Intelligent solutions are often the result of negotiations, not of court decisions.
Court proceedings consume time, money, and energy. Your time, money, and energy. Statistically, most employment disputes end in a settlement. So, it is great to know how to manage a dispute in a way that avoids unnecessary escalation. Even once a hearing has been scheduled, there is usually still enough time to arrange a settlement. This does not mean settling at any cost. But also, we will not fight in court just for the sake of being right.
LAWYERS DO LITIGATE. WE DO TOO.
BUT ONLY IF, AND AS LONG AS, IT SERVES YOUR INTERESTS.
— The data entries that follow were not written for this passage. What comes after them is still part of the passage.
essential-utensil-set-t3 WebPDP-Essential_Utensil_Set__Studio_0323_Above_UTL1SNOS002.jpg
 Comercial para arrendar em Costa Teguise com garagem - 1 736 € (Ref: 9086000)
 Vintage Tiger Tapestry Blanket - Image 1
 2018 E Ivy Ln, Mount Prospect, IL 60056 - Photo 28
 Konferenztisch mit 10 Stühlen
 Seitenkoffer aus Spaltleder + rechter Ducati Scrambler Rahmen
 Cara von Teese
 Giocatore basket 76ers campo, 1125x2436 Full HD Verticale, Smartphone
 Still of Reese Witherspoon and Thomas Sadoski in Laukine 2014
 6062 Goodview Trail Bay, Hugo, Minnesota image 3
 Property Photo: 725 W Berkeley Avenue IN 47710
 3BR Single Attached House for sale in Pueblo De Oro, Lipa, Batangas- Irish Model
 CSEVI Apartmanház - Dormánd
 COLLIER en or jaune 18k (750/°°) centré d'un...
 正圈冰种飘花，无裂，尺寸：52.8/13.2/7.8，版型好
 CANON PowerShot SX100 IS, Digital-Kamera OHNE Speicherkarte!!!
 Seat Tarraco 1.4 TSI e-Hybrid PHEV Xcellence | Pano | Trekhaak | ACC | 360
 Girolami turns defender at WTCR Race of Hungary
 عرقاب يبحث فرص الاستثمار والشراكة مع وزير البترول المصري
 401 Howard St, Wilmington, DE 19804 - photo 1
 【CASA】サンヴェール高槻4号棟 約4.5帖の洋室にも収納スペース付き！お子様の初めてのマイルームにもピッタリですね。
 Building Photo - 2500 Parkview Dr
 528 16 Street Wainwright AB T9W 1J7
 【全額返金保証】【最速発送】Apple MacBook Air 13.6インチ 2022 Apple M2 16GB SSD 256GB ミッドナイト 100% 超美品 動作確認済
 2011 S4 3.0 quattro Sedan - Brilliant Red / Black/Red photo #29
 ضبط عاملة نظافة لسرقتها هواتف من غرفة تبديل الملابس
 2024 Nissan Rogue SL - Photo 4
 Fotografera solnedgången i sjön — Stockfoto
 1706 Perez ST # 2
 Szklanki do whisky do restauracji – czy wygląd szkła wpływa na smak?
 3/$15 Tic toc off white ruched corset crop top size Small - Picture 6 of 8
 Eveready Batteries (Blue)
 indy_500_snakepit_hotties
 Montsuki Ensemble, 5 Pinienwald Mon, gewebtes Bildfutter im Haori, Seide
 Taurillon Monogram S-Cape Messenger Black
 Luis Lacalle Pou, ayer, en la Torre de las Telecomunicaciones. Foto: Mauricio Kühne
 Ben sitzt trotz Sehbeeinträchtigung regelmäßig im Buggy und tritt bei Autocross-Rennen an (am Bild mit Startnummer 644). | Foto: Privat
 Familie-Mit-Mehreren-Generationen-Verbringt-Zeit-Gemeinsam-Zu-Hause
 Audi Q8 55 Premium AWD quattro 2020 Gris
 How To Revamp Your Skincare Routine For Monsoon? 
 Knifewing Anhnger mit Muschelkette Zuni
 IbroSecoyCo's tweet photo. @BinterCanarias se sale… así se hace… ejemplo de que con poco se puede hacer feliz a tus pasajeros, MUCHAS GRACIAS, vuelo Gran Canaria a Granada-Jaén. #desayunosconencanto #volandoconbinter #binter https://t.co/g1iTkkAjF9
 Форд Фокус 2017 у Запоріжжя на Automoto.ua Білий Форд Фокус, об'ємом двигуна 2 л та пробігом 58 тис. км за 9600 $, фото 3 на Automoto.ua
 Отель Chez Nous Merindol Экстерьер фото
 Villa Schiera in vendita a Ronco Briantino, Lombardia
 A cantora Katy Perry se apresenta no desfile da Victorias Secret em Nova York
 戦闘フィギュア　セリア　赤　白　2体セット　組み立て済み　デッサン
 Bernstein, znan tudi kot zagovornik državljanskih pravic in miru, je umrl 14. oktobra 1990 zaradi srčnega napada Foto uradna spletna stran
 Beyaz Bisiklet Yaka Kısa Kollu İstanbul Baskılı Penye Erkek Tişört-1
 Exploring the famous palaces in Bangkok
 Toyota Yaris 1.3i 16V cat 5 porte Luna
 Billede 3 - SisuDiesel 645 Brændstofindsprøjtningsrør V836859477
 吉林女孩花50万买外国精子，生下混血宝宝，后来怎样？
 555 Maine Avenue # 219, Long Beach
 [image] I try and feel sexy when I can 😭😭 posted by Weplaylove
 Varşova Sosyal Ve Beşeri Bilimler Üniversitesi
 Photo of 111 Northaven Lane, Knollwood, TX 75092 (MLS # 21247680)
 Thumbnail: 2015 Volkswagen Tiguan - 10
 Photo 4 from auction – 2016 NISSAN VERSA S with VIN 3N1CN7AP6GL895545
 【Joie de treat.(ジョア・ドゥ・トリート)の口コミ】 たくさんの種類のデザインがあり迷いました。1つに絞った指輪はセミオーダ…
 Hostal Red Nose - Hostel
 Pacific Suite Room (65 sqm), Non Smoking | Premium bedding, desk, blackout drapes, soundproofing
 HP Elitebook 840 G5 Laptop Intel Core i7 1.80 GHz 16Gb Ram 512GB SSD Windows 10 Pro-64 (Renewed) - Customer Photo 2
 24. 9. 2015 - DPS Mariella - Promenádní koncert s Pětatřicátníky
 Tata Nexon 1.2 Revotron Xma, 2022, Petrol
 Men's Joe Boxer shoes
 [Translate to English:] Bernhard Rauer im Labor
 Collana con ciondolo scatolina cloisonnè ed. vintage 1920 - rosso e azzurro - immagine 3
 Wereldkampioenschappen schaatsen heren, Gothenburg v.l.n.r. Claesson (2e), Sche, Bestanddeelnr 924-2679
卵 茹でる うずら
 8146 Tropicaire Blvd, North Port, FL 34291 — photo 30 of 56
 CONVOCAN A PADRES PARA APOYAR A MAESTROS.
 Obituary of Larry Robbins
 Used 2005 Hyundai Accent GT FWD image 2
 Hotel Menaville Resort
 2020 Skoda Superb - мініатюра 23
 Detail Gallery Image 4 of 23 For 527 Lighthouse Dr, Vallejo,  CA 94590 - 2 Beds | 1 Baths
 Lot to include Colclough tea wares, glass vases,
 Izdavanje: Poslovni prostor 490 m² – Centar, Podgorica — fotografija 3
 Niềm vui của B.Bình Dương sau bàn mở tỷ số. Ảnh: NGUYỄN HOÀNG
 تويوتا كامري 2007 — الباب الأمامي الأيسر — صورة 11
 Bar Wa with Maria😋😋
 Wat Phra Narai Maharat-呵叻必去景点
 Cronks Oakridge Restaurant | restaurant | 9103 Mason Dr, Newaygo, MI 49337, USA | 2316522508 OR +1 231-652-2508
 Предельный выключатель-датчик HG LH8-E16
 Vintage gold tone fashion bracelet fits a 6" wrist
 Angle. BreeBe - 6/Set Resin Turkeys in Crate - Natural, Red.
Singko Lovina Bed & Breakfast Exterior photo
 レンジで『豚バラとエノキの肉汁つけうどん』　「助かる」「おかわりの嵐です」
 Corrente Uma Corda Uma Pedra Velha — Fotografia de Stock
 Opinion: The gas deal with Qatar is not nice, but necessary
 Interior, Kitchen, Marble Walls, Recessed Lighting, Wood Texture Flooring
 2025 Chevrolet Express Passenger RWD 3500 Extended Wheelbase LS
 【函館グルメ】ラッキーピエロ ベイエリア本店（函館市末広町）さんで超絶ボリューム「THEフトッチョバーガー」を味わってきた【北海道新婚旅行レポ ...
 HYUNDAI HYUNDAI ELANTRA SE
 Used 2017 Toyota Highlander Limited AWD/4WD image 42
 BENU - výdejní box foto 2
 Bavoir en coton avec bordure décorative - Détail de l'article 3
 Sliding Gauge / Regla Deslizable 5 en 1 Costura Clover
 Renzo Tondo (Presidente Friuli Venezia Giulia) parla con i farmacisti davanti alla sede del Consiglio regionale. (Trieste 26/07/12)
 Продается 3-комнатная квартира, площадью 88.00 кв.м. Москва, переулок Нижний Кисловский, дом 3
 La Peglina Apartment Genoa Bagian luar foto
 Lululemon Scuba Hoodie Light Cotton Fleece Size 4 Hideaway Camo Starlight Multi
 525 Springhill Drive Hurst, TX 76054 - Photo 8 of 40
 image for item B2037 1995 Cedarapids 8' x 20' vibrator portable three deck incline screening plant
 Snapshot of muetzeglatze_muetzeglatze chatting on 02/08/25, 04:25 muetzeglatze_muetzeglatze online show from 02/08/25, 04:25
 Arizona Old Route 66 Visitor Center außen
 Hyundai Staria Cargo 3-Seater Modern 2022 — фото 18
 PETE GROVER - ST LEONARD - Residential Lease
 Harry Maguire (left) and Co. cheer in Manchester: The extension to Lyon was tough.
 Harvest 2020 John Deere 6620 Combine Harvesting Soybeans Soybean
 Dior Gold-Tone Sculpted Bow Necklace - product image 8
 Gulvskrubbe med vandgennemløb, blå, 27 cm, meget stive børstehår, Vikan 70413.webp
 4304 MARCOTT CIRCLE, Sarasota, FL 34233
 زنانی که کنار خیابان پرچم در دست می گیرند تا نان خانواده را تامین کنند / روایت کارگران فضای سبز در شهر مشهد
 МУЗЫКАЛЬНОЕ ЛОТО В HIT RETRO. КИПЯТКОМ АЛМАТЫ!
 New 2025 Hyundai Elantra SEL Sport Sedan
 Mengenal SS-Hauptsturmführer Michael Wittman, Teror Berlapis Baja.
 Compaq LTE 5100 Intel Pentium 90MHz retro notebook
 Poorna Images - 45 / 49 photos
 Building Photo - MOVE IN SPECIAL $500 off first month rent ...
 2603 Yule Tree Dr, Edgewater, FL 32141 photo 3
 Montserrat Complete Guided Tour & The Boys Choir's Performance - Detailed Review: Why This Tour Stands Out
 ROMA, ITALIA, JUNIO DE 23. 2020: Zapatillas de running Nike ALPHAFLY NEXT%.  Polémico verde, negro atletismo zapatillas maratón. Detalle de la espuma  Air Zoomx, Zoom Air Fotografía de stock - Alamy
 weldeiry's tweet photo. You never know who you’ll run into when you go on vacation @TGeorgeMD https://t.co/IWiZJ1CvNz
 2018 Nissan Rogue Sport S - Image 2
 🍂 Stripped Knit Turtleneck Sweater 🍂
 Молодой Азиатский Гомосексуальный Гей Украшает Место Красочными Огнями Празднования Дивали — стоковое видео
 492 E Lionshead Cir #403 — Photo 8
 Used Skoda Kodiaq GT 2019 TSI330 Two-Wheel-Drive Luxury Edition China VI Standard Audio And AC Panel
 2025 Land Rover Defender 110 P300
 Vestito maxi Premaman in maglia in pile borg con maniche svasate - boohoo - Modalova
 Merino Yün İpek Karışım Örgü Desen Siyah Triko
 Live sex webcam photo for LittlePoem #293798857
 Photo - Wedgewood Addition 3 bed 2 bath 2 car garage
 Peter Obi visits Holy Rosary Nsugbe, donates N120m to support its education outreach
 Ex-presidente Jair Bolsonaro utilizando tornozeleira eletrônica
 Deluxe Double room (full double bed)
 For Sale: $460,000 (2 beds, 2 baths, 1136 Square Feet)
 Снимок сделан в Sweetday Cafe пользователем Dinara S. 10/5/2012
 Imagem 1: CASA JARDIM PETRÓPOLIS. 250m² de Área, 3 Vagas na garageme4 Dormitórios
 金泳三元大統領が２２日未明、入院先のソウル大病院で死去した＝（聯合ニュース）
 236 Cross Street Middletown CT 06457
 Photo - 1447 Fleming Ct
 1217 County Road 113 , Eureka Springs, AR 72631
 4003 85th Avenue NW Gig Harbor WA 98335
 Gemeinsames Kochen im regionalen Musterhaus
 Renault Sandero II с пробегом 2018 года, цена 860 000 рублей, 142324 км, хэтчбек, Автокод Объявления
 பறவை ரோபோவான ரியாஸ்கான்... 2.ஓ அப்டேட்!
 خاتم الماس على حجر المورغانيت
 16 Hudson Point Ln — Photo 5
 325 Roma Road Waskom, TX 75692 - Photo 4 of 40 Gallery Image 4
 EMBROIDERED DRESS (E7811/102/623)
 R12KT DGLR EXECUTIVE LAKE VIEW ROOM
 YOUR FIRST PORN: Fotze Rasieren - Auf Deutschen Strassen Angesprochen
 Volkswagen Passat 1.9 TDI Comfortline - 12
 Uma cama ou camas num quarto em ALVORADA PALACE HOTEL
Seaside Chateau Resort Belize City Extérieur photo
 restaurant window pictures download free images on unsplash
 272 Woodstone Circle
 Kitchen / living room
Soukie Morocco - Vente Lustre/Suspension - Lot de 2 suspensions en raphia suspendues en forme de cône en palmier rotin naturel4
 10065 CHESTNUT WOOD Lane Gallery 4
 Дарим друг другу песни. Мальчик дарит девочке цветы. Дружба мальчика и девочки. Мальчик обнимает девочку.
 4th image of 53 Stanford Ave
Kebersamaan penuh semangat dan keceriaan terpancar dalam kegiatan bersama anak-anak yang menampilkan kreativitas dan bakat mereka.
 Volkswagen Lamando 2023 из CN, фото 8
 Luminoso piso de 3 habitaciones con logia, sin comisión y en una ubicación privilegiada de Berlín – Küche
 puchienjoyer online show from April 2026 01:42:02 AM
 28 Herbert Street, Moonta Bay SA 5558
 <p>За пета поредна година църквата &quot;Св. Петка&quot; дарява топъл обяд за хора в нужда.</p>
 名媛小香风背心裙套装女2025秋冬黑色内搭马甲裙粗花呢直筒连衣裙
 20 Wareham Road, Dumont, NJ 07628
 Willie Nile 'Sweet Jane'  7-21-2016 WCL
We will of course litigate on your behalf when there is no other option. Our experience ranges from court representation in labour and civil courts of all instances, to collective bargaining and reconciliation board hearings in codetermination matters. Using our expertise, we help you avoid long and costly proceedings. One of our specialties in this regard is our effective process management. In the case of upcoming negotiations with unions and/or works councils, we provide you with a detailed schedule that defines each step and outlines necessary preparatory tasks. Thus, negotiations can run more smoothly, well-structured and tightly calculated.
IT TAKES TWO TO START A DISPUTE, MANY MORE TO REACH A SETTLEMENT
In your daily dealings with works councils and unions compromise, a settlement is not a dirty word, rather an essential skill for business success. All parties involved need to cooperate and meet with each other frequently in order to develop a common interest in the growth of the company. Our longstanding experience, even in difficult situations, helps to create an environment in which cooperation, and not litigation, characterize the work environment. Of course we represent the employer´s interests, but we know that without creativity, flexibility and trust, that no fruitful cooperation can be achieved. We have a reputation for being pragmatic and steadfast – even among our opponents and judges.